As managers and leaders we’ve been taught that our competitors are our “enemies.” While there may be good reason to protect a bon-a-fide competitive advantage at a given point in time, the historical notion that our competitors are enemies to be avoided and worse, even hated, also has significant costs. It’s probably time to re-evaluate the old thinking. Even more problematic, we have even been socialized to see others in our own organizations as competitors—vying for limited resources, promotions, incentives, etc. While friendly competition can certainly be a motivator in some cases, that is only viable over time in organizations if the competition does not have zero sum winners and losers. Some of the least healthy and most dysfunctional organizations I’ve ever seen are those whose cultures are based on winner take all competition. Those cultures are deadly for collaboration, collegiality, and teamwork.
When markets were more stable and even static over time; when operating environments had less regulatory risk; and certainly when demand outstripped supply (as was the case for decades in higher education), circling the wagons and operating as if every asset, idea, technology or product/service was “proprietary” might have made more sense. In the world we operate in today, however, which is not only volatile, uncertain, complex, and ambiguous (VUCA), but in which most organizations are forced to operate with limited capital and increasing overhead (caused by regulatory requirements, constantly changing technology, perpetual upgrades to products and services, increasingly expensive marketing, etc.), while also experiencing downward pressure on pricing, there are compelling reasons to see one’s former enemies as potential partners. Within organizations, the current environment requires a kind of collaboration that actually supports self-sacrifice and shared victories. Outside of or between organizations, the current environment supports formally unheard of partnership between competing entities.

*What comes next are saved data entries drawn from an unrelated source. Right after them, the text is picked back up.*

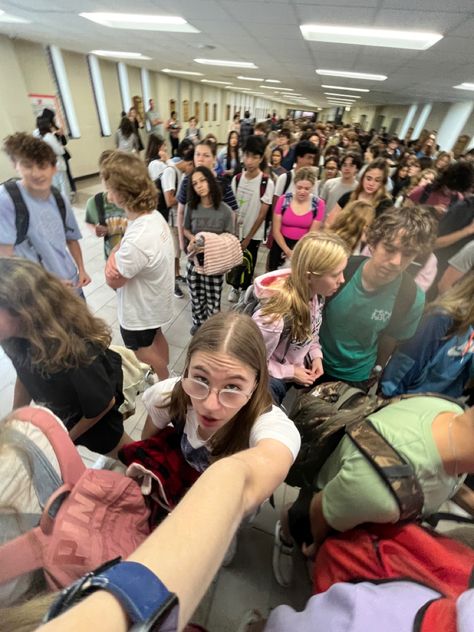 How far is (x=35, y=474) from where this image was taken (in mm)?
805

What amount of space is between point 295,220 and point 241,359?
257cm

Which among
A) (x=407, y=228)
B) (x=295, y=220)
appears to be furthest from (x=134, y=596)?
(x=295, y=220)

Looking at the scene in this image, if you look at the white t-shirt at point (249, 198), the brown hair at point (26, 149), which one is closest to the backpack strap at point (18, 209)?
the brown hair at point (26, 149)

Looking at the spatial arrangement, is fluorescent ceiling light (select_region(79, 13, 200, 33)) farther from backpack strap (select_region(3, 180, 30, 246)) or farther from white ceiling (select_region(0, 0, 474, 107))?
backpack strap (select_region(3, 180, 30, 246))

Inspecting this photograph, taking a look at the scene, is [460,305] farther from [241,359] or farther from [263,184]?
[263,184]

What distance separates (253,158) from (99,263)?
2774 millimetres

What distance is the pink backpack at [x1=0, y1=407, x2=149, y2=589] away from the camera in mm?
711

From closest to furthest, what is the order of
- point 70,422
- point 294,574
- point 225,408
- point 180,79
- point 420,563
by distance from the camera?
point 420,563 < point 225,408 < point 70,422 < point 294,574 < point 180,79

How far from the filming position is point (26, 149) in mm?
1999

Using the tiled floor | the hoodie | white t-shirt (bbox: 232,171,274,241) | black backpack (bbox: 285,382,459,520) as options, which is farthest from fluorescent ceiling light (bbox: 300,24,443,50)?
the tiled floor

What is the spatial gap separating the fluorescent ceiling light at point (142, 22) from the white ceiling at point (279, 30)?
200 millimetres

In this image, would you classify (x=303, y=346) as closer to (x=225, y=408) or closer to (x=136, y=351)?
(x=225, y=408)

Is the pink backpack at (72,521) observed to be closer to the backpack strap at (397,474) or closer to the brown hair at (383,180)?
the backpack strap at (397,474)

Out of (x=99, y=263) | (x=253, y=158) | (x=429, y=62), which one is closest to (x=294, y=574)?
(x=253, y=158) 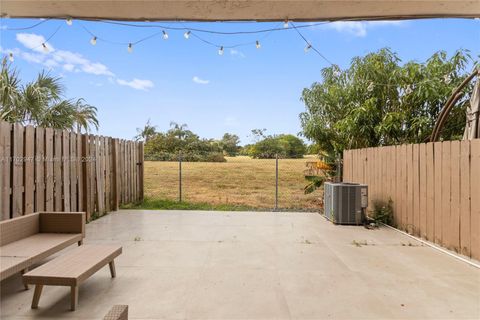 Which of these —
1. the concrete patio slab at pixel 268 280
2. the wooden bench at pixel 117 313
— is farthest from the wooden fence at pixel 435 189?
the wooden bench at pixel 117 313

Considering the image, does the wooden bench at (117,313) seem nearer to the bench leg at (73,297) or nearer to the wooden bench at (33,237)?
the bench leg at (73,297)

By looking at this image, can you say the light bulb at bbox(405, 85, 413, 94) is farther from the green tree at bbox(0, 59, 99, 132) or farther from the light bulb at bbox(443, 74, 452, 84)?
the green tree at bbox(0, 59, 99, 132)

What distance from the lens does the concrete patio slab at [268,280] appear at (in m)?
2.72

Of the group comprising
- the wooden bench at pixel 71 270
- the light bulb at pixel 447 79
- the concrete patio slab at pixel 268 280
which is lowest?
the concrete patio slab at pixel 268 280

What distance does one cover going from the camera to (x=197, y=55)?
1163cm

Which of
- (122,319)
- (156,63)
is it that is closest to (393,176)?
(122,319)

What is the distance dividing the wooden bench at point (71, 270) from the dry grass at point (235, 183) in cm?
615

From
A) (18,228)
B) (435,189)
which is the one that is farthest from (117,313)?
(435,189)

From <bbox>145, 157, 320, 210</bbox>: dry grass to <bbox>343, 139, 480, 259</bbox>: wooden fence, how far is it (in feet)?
9.08

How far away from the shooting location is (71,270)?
2725 millimetres

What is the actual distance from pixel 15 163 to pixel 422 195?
6558mm

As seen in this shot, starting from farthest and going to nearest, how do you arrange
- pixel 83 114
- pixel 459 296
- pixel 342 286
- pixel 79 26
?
pixel 83 114 < pixel 79 26 < pixel 342 286 < pixel 459 296

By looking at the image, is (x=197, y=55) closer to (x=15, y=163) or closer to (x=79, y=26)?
(x=79, y=26)

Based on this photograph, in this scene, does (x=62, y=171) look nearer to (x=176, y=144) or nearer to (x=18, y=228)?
(x=18, y=228)
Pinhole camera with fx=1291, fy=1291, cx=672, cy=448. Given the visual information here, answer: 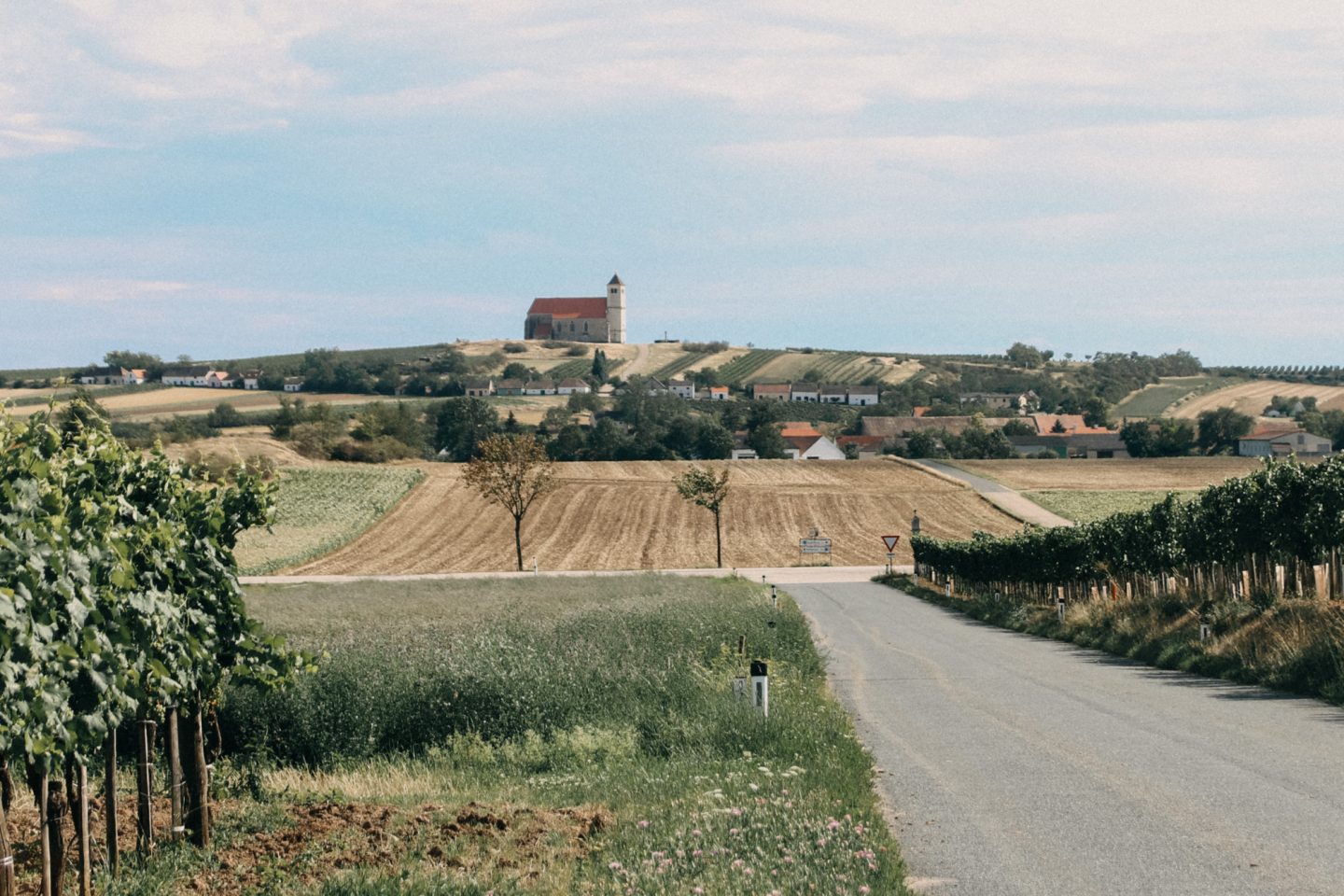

To be clear, leaders must be thoughtful and purposeful when engaging “rivals” in partnership, but the reality is that across industries, most players experience the same kinds of challenges and risks, and thus similar potential benefits from effectively meeting those challenges and/or mitigating risks.
What are some examples where working with competitors makes sense?
In highly regulated industries, working together to improve overall compliance protects everyone while also improving industry-wide reputation. While there might be some temporary value in seeing a competitor crash and burn with a compliance problem, the collateral damage to the industry at large can be devastating. Two recent examples are higher education (for profit and not for profit) and cyber security breaches across multiple industries.
Another example, ironically, can be found in hyper-competitive contexts. For instance, many retailers now partner with Amazon, which previously was considered a bitter enemy. Such partnerships have allowed companies that are experts in a given retail sector to partner with the world’s expert in eCommerce and logistics to dramatically expand their customer markets. Similarly, airlines, which have historically also been bitter rivals, have partnered aggressively to sell seats on each others airplanes, so that they can offer more choices and bigger networks to their own customers. Of course these partnerships come with compromises, but they also solve what otherwise might be intractable problems and/or open what would otherwise be limited or closed markets.
One “industry” that is currently in serious decline in terms of customers (enrollments) and revenue is higher education. It is also an industry that has historically been profoundly insulated and generally closed to partnership with competitors. Not surprisingly, the vast majority of institutions of higher education share common problems that would benefit from shared efforts at resolution. Everything from student debt to retention and graduation rates, to the currently unsustainable financial models, is ripe for collaboration. The traditional higher education model, however, has been for each and every institution to build and maintain an entire, free-standing infrastructure, that must be wholly supported with that institution’s resources. It is not uncommon to see colleges or universities a few miles or even blocks apart that must each sustain separate physical plants, curricula, faculty, staff, and administration, technology, student services, housing, libraries, and every other element of what makes the institution an institution. The model is unsustainable and is one of the reasons that IHEs are shrinking and closing in record numbers. The future viability of the majority of higher education institutions will likely require some level of partnership with “competitors.”
The health care industry is similar, in which competing hospital systems each build and sustain separate, very expensive, free-standing clinical infrastructures. So far, the answer has not been to partner with competitors in ways that make sense, but to “vertically integrate” their own health care systems so that they wring every penny out of every billable event and keep those revenues within their own system via internal referrals. It is highly unlikely that the current health care model will continue unchanged either. In fact, as with higher education, partnering with “competitors” will likely actually become a competitive advantage as institutions work together in ways that improve customer/patient/student outcomes at lower cost and risk to the providers. Just imagine if one institution could offer desirable, shared facilities to students or patients at a fraction of the cost of building and maintaining those facilities separately? Or if two different universities could both improve student retention with shared mental health counseling resources at significantly less cost to both? It’s not unreasonable to even think of combining core assets and functions such as curriculum and instruction or financial aid in IHEs or imaging labs and urgent care among health care competitors.
As unlikely as it sounds to partner directly with what have traditionally been considered competitors, it may actually be a key strategy for surviving and thriving in a VUCA world.